This relates to cellular systems and, more particularly to space diversity in cellular systems.
Cellular networks provide service over a geographical area through cells that are each created by spatially separated non-mobile base stations. Each base station provides a communication channel to each wireless appliance (e.g., cell phone) in its area of coverage. The base stations interact with a network controller, which allows a cell phone in a cell that is served by one base station to communicate with cell phones served by other base stations, or to communicate with a landline phone served by a landline network. The network controller also assists in handoffs of a cell phone as it leaves the geographical area of one cell and enters the geographical area of another cell. In order to have good coverage, the base stations are often situated so that the areas covered by adjacent base stations (i.e., adjacent cells) overlap. Because of this overlap, in order to avoid interference problems initial designs of cellular networks assigned disjoint groups of channels to adjacent base stations.

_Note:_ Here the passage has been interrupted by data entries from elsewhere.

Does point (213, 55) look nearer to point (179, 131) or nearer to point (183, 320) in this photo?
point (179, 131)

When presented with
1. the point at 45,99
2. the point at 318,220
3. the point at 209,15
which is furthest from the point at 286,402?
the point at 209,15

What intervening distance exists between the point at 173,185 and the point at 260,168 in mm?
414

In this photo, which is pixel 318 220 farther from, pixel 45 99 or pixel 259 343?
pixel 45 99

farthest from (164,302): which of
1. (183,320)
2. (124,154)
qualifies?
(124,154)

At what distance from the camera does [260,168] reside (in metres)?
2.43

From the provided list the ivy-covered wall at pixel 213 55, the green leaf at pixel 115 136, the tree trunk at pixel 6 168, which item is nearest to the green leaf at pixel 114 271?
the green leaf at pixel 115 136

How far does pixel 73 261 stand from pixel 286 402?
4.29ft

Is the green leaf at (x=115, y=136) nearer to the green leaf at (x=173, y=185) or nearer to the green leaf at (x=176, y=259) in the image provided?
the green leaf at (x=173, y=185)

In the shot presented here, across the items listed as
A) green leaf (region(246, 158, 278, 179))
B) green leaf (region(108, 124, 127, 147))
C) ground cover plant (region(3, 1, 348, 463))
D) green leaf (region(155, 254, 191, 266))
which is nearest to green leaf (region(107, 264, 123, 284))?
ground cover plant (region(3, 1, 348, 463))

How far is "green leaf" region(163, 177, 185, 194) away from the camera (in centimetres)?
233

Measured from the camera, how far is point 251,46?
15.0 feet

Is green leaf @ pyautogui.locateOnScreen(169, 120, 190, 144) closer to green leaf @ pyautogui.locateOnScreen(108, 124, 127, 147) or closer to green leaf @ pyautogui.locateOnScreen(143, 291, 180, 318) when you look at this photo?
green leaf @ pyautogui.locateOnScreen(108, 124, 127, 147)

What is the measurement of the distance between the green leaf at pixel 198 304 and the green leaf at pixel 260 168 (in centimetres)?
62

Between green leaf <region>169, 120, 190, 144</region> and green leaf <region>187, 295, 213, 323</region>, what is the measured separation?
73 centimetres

In some of the newer systems the network controllers dynamically adjust the communication channels that the base stations may use. This allows a base station to use a channel that previously was used by an adjacent base station (for the benefit of some wireless appliance), but currently is not so used. The dynamic allocation of channels has three benefits. First, it generally increases the number channels that can concurrently carry conversations, second, it often allows a cell phone that has an active call to continue using the same channel even as it traverses from one cell to another, and third, it allows adjacent base stations to concurrently use a given channel as long as undue interference is not experienced, and only alter the channel assignments when interference is detected.

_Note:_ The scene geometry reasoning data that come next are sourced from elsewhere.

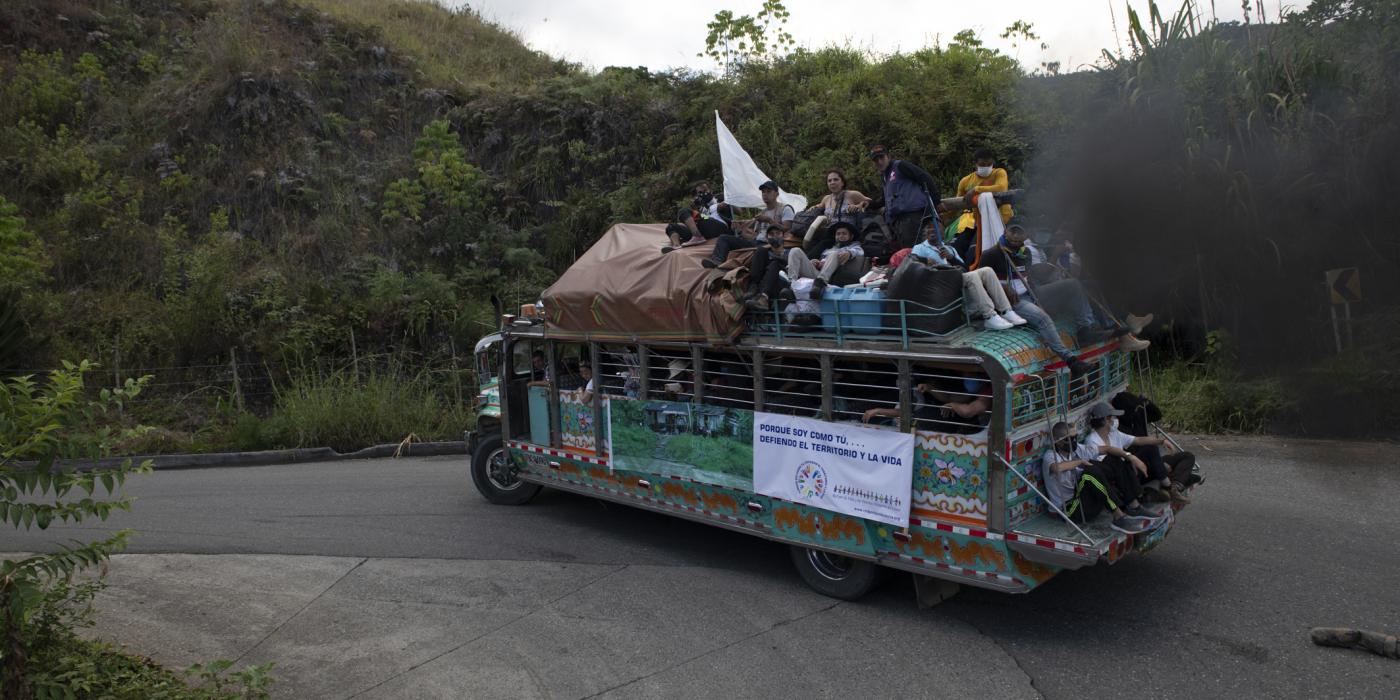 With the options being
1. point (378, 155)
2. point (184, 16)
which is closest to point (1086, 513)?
Result: point (378, 155)

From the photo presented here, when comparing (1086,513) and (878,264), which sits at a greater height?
(878,264)

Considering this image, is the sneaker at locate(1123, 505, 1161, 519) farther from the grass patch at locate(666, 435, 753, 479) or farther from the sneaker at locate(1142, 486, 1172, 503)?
the grass patch at locate(666, 435, 753, 479)

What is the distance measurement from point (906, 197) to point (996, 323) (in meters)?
2.55

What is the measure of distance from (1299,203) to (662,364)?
8340 mm

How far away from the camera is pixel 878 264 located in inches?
321

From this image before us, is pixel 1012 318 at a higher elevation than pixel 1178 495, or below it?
higher

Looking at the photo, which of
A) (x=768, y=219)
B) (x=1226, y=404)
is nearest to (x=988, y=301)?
(x=768, y=219)

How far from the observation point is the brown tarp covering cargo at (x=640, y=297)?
290 inches

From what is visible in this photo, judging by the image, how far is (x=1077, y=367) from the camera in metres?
6.61

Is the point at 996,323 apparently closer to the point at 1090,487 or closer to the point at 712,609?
the point at 1090,487

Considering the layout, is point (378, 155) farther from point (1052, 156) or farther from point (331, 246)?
point (1052, 156)

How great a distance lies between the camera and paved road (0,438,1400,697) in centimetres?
566

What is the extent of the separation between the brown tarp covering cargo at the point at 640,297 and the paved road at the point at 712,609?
2.00m

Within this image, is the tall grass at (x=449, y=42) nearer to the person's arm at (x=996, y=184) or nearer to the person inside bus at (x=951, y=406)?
the person's arm at (x=996, y=184) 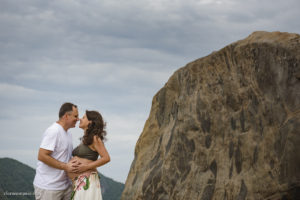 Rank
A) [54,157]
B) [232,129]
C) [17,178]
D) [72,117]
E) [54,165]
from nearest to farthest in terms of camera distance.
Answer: [232,129] < [54,165] < [54,157] < [72,117] < [17,178]

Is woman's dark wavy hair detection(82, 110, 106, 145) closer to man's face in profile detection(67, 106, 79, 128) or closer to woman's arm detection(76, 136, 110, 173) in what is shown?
woman's arm detection(76, 136, 110, 173)

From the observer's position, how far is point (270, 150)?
15.4ft

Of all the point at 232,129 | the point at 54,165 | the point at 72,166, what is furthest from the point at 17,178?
the point at 232,129

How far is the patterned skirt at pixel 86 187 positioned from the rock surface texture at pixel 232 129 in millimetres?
Answer: 817

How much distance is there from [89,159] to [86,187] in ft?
1.16

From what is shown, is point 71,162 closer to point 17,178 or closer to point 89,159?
point 89,159

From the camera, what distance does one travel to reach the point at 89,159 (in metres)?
5.32

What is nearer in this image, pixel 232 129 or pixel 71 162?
pixel 232 129

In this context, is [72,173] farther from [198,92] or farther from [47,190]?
[198,92]

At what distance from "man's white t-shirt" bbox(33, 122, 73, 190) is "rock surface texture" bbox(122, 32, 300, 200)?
115 cm

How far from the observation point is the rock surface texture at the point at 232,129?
4.64 metres

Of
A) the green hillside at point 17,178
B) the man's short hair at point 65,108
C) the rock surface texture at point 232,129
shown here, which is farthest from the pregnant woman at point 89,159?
the green hillside at point 17,178

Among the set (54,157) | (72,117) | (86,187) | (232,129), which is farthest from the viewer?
(72,117)

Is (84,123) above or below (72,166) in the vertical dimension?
above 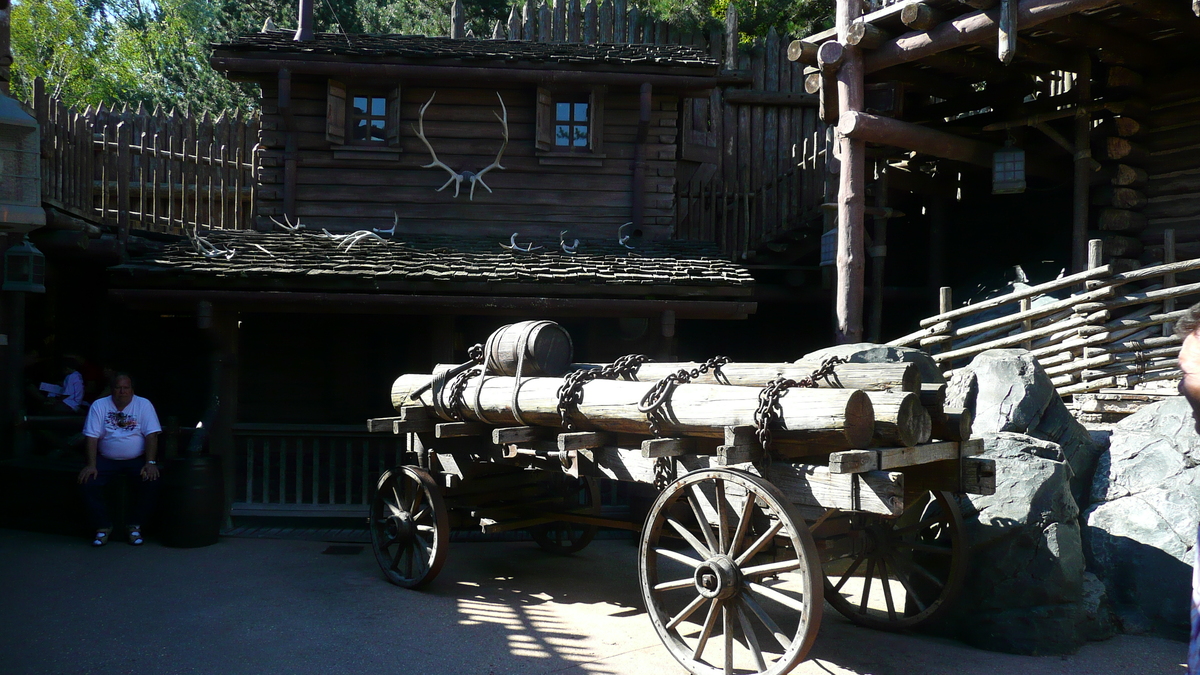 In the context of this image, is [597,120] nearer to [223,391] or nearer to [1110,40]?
[223,391]

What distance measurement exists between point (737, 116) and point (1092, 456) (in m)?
9.66

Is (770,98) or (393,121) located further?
(770,98)

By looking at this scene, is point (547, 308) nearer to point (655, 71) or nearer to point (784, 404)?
point (655, 71)

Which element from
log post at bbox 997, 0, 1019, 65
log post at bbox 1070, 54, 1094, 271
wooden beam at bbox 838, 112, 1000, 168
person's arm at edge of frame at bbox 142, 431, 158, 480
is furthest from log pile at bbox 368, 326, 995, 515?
log post at bbox 1070, 54, 1094, 271

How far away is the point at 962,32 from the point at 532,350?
5.42 meters

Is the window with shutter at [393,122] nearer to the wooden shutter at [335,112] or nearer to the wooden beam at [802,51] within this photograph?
the wooden shutter at [335,112]

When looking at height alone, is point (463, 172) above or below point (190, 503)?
above

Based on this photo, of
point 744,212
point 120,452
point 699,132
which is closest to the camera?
point 120,452

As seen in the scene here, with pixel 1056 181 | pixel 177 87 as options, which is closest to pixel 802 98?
pixel 1056 181

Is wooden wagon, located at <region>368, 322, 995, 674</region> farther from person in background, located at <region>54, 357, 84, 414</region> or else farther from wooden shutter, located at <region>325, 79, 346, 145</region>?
person in background, located at <region>54, 357, 84, 414</region>

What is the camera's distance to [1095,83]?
10.3m

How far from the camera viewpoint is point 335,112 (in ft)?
33.4

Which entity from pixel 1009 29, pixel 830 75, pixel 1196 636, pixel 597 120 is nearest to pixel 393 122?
pixel 597 120

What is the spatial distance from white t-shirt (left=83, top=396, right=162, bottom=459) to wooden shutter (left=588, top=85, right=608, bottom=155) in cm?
573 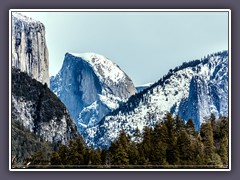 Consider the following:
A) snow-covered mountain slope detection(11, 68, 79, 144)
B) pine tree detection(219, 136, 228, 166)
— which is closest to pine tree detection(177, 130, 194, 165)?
pine tree detection(219, 136, 228, 166)

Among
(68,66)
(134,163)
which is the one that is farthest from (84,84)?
(134,163)

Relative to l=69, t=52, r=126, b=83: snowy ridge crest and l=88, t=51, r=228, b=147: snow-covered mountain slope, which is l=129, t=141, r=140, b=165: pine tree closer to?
l=88, t=51, r=228, b=147: snow-covered mountain slope

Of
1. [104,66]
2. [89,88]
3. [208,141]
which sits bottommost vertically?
[208,141]

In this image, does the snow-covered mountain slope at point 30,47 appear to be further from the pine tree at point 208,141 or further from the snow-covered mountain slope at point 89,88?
the pine tree at point 208,141

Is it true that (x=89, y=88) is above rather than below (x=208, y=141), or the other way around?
above

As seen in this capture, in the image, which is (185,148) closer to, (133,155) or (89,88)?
(133,155)

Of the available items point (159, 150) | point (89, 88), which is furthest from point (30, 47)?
point (159, 150) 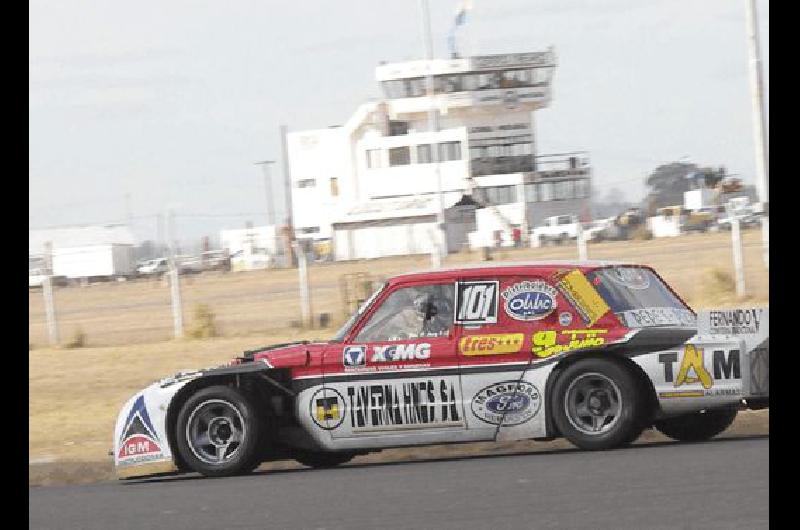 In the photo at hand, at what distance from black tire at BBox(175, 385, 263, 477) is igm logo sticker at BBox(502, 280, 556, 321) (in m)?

As depicted in FIG. 1 when cell phone 101 is in cell 10, which is the coverage area of base station 100, and employs a channel c1 that is assigned by base station 100, and cell phone 201 is in cell 20, which is the coverage area of base station 200, and employs a channel c2 that is assigned by base station 200, no interference can occur as long as channel c1 and c2 are distinct and the communication in channel c1 does not somehow spread to channel c2 (and vice versa). In fact, interference-free communication can take place even when cell phones 101 and 201 are on the same channel, as long as both cell phones are outside region 12. That is, as long as cell phone 101 cannot hear base station 200, and base station 200 cannot hear cellphone 101. It is noted that region 12 is the overlap area for communications between a wireless appliance, and two non-mobile base stations.

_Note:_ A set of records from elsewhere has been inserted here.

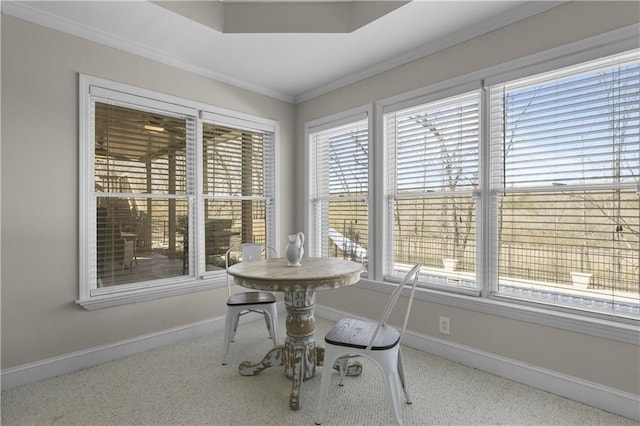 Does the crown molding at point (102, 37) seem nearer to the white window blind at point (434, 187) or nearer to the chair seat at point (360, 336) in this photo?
the white window blind at point (434, 187)

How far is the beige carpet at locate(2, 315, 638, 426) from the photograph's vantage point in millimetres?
1969

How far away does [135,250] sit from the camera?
3.00 meters

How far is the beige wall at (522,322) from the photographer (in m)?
2.04

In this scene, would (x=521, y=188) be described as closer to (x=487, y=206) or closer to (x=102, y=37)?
(x=487, y=206)

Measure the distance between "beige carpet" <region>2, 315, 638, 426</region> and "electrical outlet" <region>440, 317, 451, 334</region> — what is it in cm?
23

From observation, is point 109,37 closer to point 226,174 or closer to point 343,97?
point 226,174

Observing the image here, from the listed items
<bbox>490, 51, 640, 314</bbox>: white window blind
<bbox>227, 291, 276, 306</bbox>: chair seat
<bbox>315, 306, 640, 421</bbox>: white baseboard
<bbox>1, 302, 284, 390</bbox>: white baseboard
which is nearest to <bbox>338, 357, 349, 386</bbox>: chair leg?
<bbox>227, 291, 276, 306</bbox>: chair seat

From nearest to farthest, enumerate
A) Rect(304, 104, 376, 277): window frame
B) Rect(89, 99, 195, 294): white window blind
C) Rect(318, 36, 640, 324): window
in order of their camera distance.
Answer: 1. Rect(318, 36, 640, 324): window
2. Rect(89, 99, 195, 294): white window blind
3. Rect(304, 104, 376, 277): window frame

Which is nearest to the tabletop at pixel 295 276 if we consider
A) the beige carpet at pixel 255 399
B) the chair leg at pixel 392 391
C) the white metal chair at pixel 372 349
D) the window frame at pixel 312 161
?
the white metal chair at pixel 372 349

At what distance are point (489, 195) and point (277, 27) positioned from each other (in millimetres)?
2107

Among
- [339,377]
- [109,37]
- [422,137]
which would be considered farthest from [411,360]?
[109,37]

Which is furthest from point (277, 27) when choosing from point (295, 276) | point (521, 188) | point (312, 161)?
point (521, 188)

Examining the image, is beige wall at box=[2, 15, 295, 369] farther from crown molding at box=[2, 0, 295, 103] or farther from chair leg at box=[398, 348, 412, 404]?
chair leg at box=[398, 348, 412, 404]

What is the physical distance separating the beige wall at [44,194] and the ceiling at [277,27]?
0.18 meters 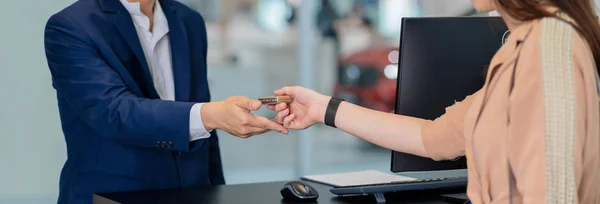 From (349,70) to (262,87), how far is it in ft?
2.48

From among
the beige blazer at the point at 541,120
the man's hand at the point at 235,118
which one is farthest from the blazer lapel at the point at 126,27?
the beige blazer at the point at 541,120

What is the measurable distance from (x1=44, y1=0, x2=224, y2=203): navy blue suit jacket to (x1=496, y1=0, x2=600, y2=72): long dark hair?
1.05 metres

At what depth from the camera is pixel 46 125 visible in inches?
195

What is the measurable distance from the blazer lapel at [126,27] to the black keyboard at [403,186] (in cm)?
68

The overlap area between two wireless appliances where one is in cell 10 and the other is in cell 20 is larger than region 12 but, still, the interference region is significantly smaller than the area of cell 10 (or cell 20), so with the assumption that the location of a cell phone is random, one can note that the communication channels resource can be used more effectively by allowing adjacent channels to use the same set of channels, as long as a mechanism is provided for changing channel assignments so as to eliminate interference once it is recognized that interference is occurring, or information is available from which it may be deduced that interference is occurring. Illustratively, when cell phones 101 and 201 are assigned channel c1 and cell phone 101 travels toward region 200, enters region 12 and experiences interference, either cell phone 101 or cell phone 201 needs to be assigned a different available channel in order to remove the interference. The fact that cell phone 101 experiences base station interference is determined, for example, by cell phone 101 detecting pilot signals from both base stations 100 and 200, and sending the strength of the detected pilot signals through its communication with base station 100 to network controller 30. Based the received pilot signal strengths controller 30 can determine when interference is about to exceed permissible levels, prompting a reassignment procedure; and based on its knowledge of the availability of channels at base stations 100 and 200 network controller 30 can determine whether cell phone 101 or cell phone 201 should have its channel assignment altered (or whether, for some reason, both channel assignments should be altered), and informs the appropriate base station (or stations) accordingly. Controller 30 also determines whether a handoff should take place, assigning cell phone 101 to base station 200.